The Dangers of Phishing

Phishing is one of the biggest problems on the internet today, and has led countless numbers of people to giving their personal information away to someone with malicious intentions. In case you haven’t heard of it yet, here is how it basically works. Skilled hackers build duplicates of popular web sites in order to trick you into logging in. Then, with your password, they can log into your real account and cause all sorts of mischief.

Who hasn’t received an email directing them to visit a familiar website where they are being asked to update their personal information?  The website needs you to verify or update your passwords, credit card numbers, social security number, or even your bank account number.  You recognize the business name as one that you’ve conducted business with in the past.  So, you click on the convenient “take me there” link and proceed to provide all the information they have requested.  Unfortunately, you find out much later that the website is bogus.  It was created with the sole intent to steal your personal information. You are a victim of phishing.

Phishing (pronounced as “fishing”) is defined as the act of sending an email to a recipient falsely claiming to have an established, legitimate business.  The intent of the phisher is to scam the recipient into surrendering their private information, and ultimately steal your identity.

It is not as easy as you think to spot an email phishing for information.  At first glance, the email may look like it is from a legitimate company. The "From" field of the e-mail may have the .com address of the company mentioned in the e-mail.  The clickable link even appears to take you to the company's website, when in fact, it is a fake website built to replicate the legitimate site.

For example, the most popular phishing scam involves a duplicate of PayPal. Instead of displaying “paypal”, it would display “paypa1”. Our eyes would get easily tricked when we look at the browser window. With your account information, hackers can empty your account of money, or conduct more complex scams hiding behind your identity.

In order to avoid being a victim of phishing, you should learn about how URLs work. URLs are, of course, the addresses of the sites that you visit. A great way to check the legitimacy of the link is to point at the link with your mouse. Then, look in the bottom left hand screen of your computer.  The actual website address to which you are being directed will show up for you to view.  It is a very quick and easy way to check if you are being directed to a legitimate site.

Usually phishing sites will show URLs that look similar enough to give you confidence. You should always look very closely.

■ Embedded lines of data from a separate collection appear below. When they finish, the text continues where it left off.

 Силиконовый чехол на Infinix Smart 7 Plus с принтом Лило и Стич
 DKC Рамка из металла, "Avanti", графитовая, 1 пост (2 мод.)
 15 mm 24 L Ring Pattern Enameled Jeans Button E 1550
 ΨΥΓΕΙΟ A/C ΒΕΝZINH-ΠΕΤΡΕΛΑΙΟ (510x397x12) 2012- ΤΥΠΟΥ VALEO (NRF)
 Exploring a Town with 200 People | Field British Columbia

Say you want to make a transaction on a site called YourBank dot com. You should check the URL at the top of your browser and make sure that it says “http://www.YourBank dot com” (the www is optional) followed by a forward slash, followed by whatever information the site requires. If it says something like “YourBank dot comiaj3k1.org”, you can see that it is a false URL.

In addition to this basic knowledge of URLs, you can also install some sort of software that will keep an eye out for you. Modern browsers such as Mozilla Firefox, Edge and Internet Explorer have built-in phishing protection. These programs run off of a list of reported websites, and also have filters that will look for certain characteristics of the URL and alert you if it appears suspicious. So, if you don’t already have a program like this, then you should consider getting one for your own safety and privacy.

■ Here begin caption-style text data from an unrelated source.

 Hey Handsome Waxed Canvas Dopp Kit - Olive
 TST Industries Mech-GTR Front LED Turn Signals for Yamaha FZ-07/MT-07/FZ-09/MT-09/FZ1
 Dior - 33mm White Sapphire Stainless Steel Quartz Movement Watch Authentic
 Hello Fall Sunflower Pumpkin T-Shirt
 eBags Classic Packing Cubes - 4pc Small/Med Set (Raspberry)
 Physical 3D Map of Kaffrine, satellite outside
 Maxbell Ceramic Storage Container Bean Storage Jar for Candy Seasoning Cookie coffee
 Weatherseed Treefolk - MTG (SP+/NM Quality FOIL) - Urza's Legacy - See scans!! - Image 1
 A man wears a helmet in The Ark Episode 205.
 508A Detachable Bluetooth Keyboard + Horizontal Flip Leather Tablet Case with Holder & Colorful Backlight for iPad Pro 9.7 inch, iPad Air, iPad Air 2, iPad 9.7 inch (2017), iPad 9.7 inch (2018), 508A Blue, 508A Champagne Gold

Finally, follow the golden rule.  Never, ever, click the links within the text of the e-mail, and always delete the e-mail immediately. Once you have deleted the e-mail, empty the trash box in your e-mail accounts as well. If you are truly concerned that you are missing an important notice regarding one of your accounts, then type the full URL address of the website into your browser.  At least then you can be confident that you are, in fact, being directed to the true and legitimate website.

The modern internet has brought us many conveniences, from chatting online to buying groceries online. But as with anything, some people will try to take unfair advantage of the situation. So, while you are enjoying the benefits of technology, you should also keep on the lookout for attempts to steal your personal information. If you get involved in a phishing scam, it can be a real pain to get sorted out.